Continuity of Linear Functionals in Initial Topology on Vector Space Generated by Linear Functionals

Theorem

Let $\GF \in \set {\R, \C}$.

Let $X$ be a vector space over $\GF$.

Let $F$ be a set of linear functionals on $X$ that form a vector space over $\GF$.

That is, for each $\lambda, \mu \in \GF$ and $f, g \in F$, we have:

$\lambda f + \mu g \in F$

Let $\tau$ be the initial topology on $X$ generated by $F$.

Let $g : X \to \GF$ be a linear functional.

Then $g$ is $\tau$-continuous if and only if $g \in F$.

Proof

Sufficient Condition

From the definition of the initial topology, $\tau$ is the coarsest topology making all $g \in F$ continuous.

So if $g \in F$ then $g$ is $\tau$-continuous.

$\Box$

Necessary Condition

Suppose that $g$ is $\tau$-continuous.

For each $x \in \GF$ and $\epsilon > 0$, let:

$\map {B_\epsilon} {x, \GF} = \set {y \in \GF : \cmod {y - x} < \epsilon}$

Then since $g$ is $\tau$-continuous, we have:

$g^{-1} \sqbrk {\map {B_1} {0, \GF} } \in \tau$

and so $g^{-1} \sqbrk {\map {B_1} {0, \GF} }$ is an open neighborhood of ${\mathbf 0}_X$.

From Initial Topology on Vector Space Generated by Linear Functionals is Locally Convex, $\tau$ is generated by the seminorms:

$\set {p_f : f \in F}$

where we define $p_f : X \to \R_{\ge 0}$ by:

$\map {p_f} x = \cmod {\map f x}$

for each $x \in X$.

So, from Open Sets in Standard Topology of Locally Convex Space, there exists $g_1, \ldots, g_n \in F$ and $\epsilon > 0$ such that:

$\set {x \in X : \cmod {\map {g_k} x} < \epsilon \text { for each } 1 \le k \le n} \subseteq g^{-1} \sqbrk {\map {B_1} {0, \GF} }$

We will deduce that:

$g \in \span \set {g_1, \ldots, g_n}$

so that $g \in F$.

Let:

$\ds x \in \bigcap_{k \mathop = 1}^n \ker g_k$

Then $\map {g_k} {\lambda x} = 0$ for each $\lambda \in \GF$ and $1 \le k \le n$.

In particular, $\cmod {\map {g_k} {\lambda x} } < \epsilon$ for each $\lambda \in \GF$ and $1 \le k \le n$.

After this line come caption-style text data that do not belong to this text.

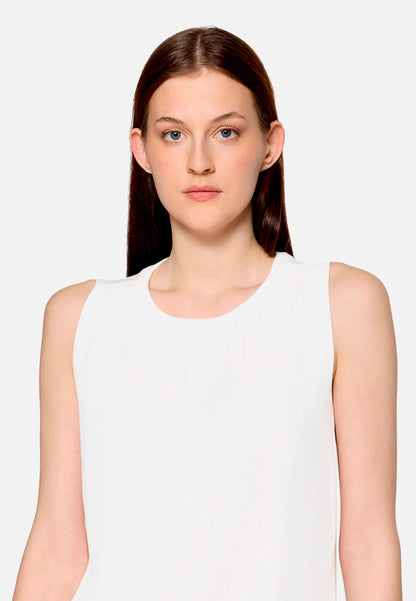 Betty Barclay Offwhite Women Blouse Shirt with Woven Trim SKU: 2266-3318_1014 Image 06
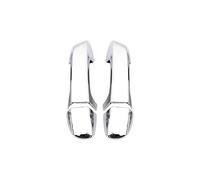 YYGGWL Resistente ai Graffi Compatibile Con Polo 2019-2023 Maniglie Porta Cromate Anti-Graffio Accessori Decorativi(2-door version)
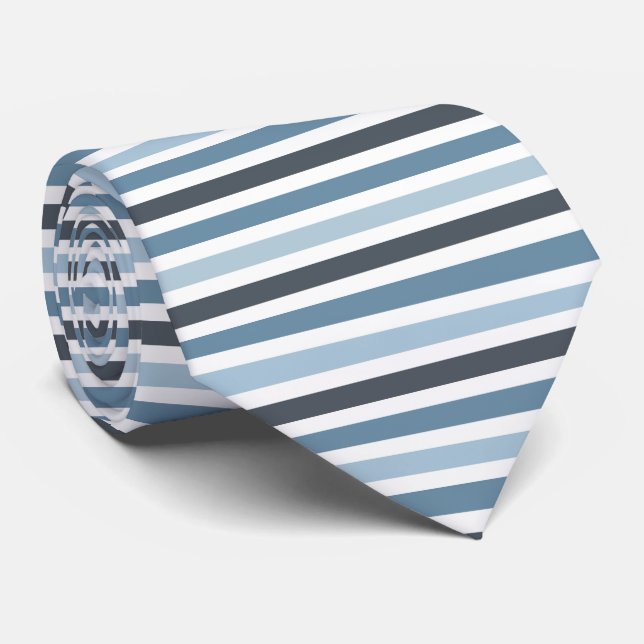 Warmes Wintermuster  Krawatte (Gerollt)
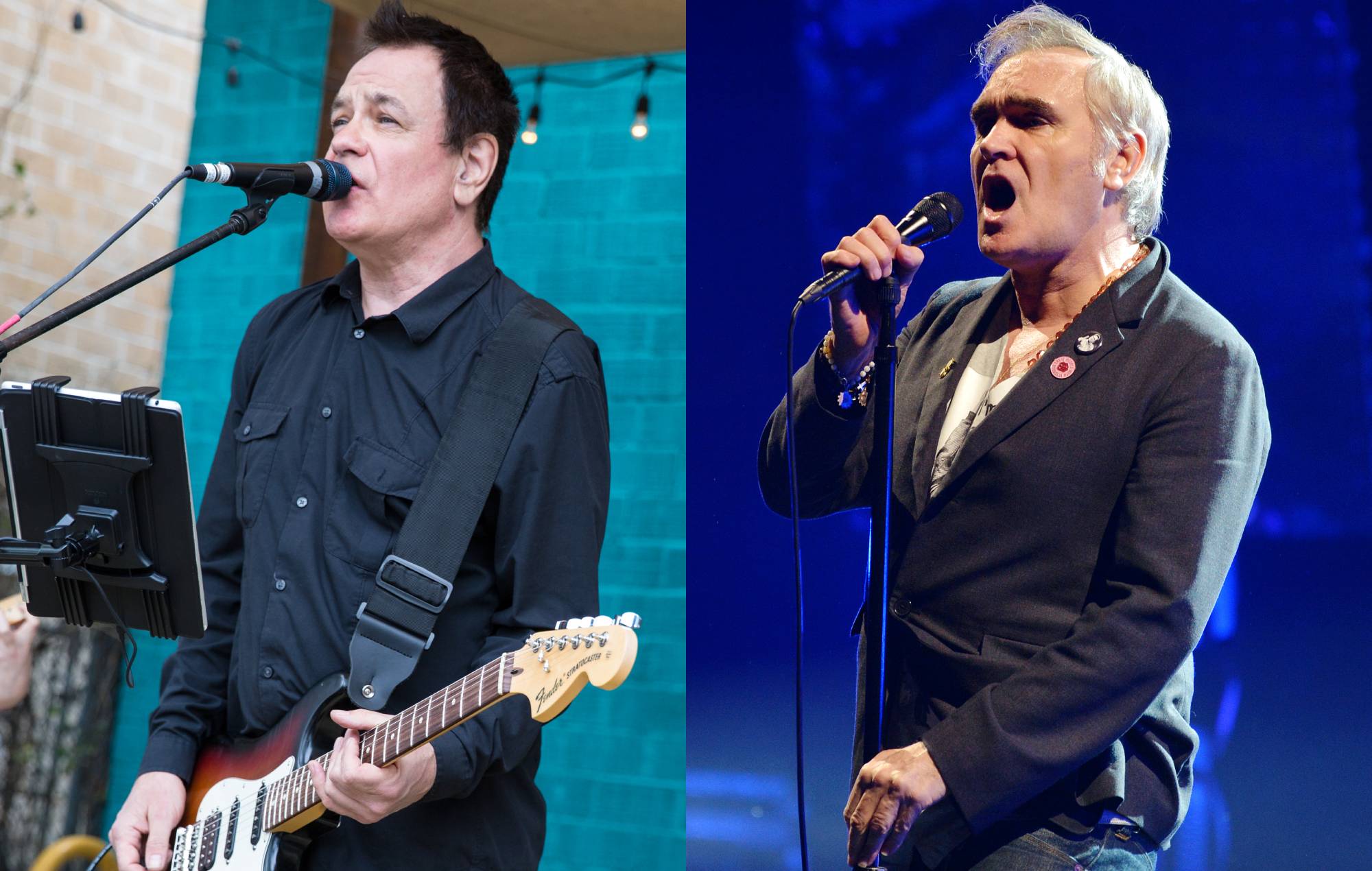 David Gedge, de The Wedding Present, al recibir una postal de Morrissey: "¿Quién sabe dónde está la verdad?"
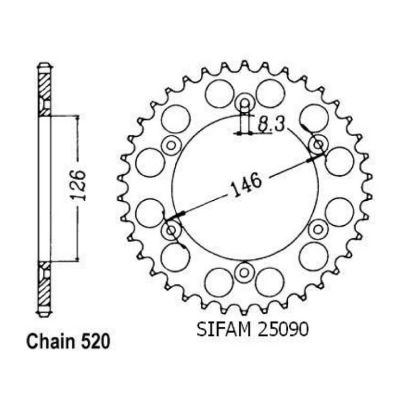 Rozeta pro Suzuki 25090CZ49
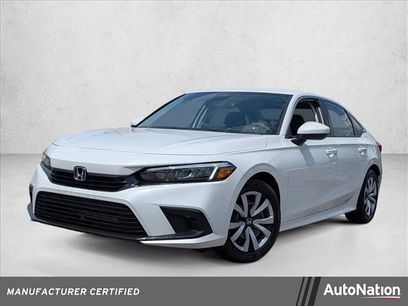 Certified 2023 Honda Civic LX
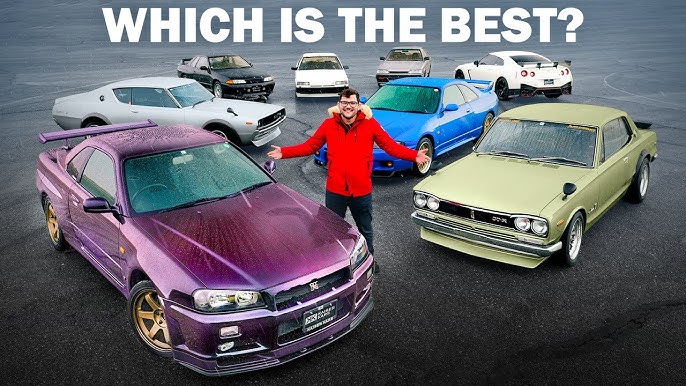 R34 Nissan Skyline GT-R V-Spec II Review // The Holy Grail Of JDM 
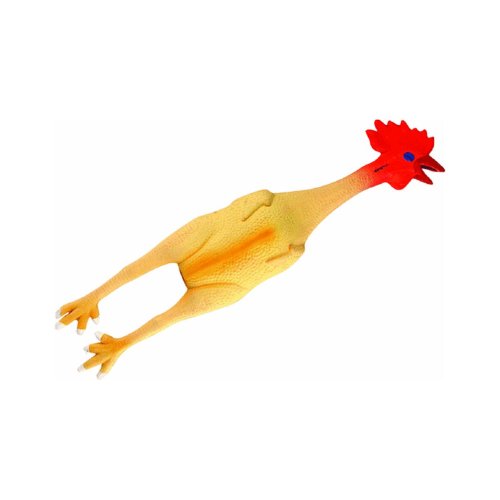Westminster Pet Products Westminster 17 Inches Latex Classic Rubber Chicken Toy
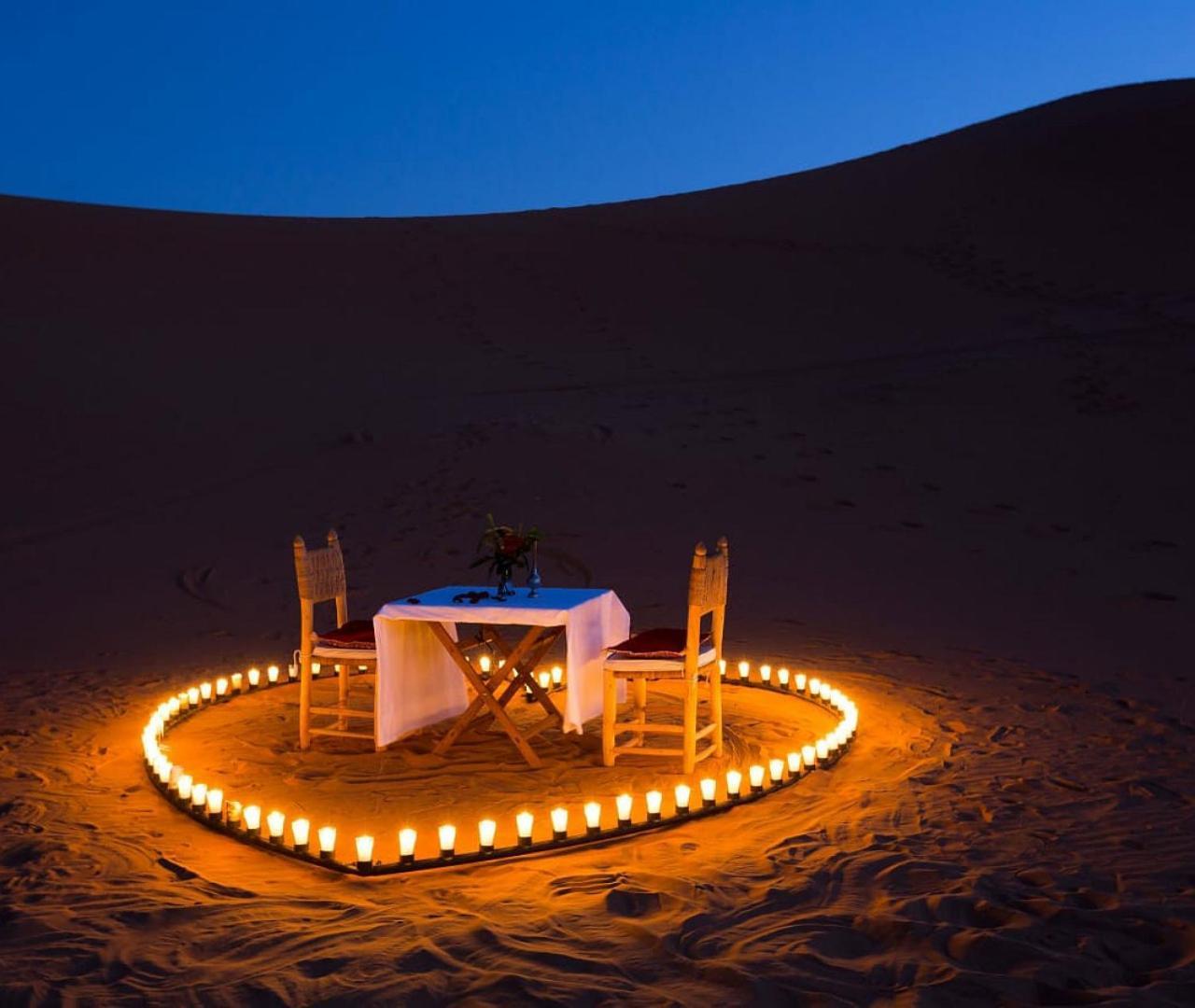 Merzouga Luxury Magic Nights Exterior photo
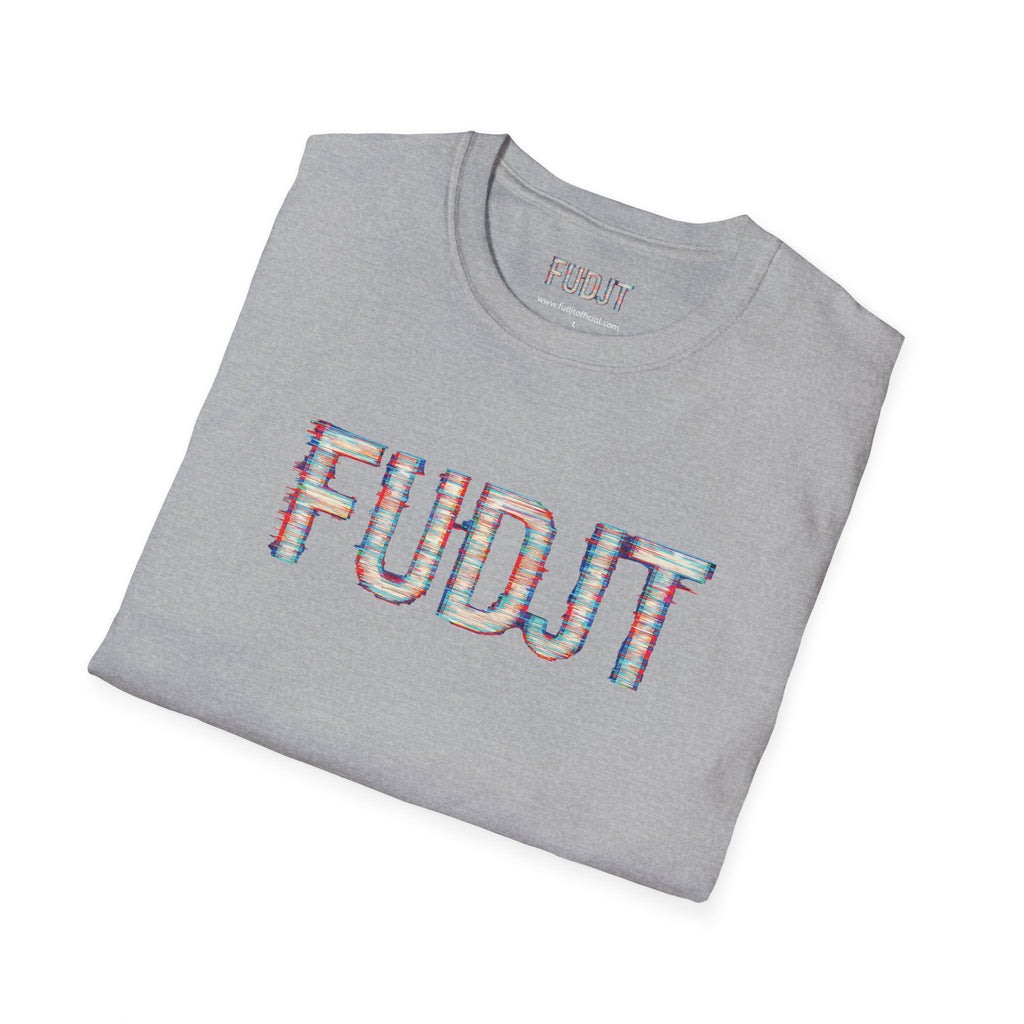 FUDJT Glitch Everyday Tee | 10 Colors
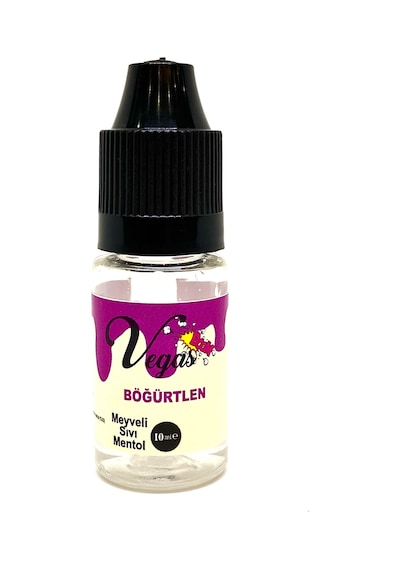 Vegas Aroma Mentol Topu İçecek Aroması Böğürtlen 10 ML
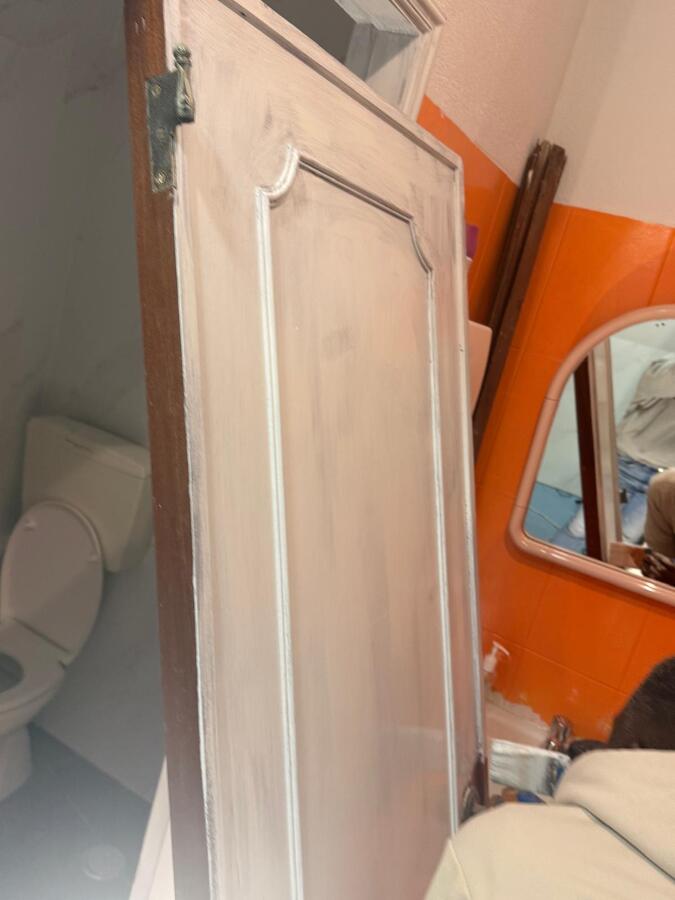 pintura de porta Madeira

So $\lambda x \in g^{-1} \sqbrk {\map {B_1} {0, \GF} }$ for each $\lambda \in \GF$.

Then:

$\cmod {\map g {\lambda x} } < 1$

for each $\lambda \in \GF$.

So, by the linearity of $g$ we have:

$\cmod \lambda \cmod {\map g x} < 1$

for each $\lambda \in \GF$.

If $\cmod {\map g x} > 0$, we could take:

$\ds \cmod \lambda > \frac 1 {\cmod {\map g x} }$

to get:

$\cmod \lambda \cmod {\map g x} > 1$

Hence we must have $\map g x = 0$, so that $g \in \ker f$.

So, we have:

$\ds \bigcap_{k \mathop = 1}^n \ker g_k \subseteq \ker g$

So from Condition for Linear Dependence of Linear Functionals in terms of Kernel, we have:

$g \in \span \set {g_1, \ldots, g_n}$

and so $g \in F$ as desired.

$\blacksquare$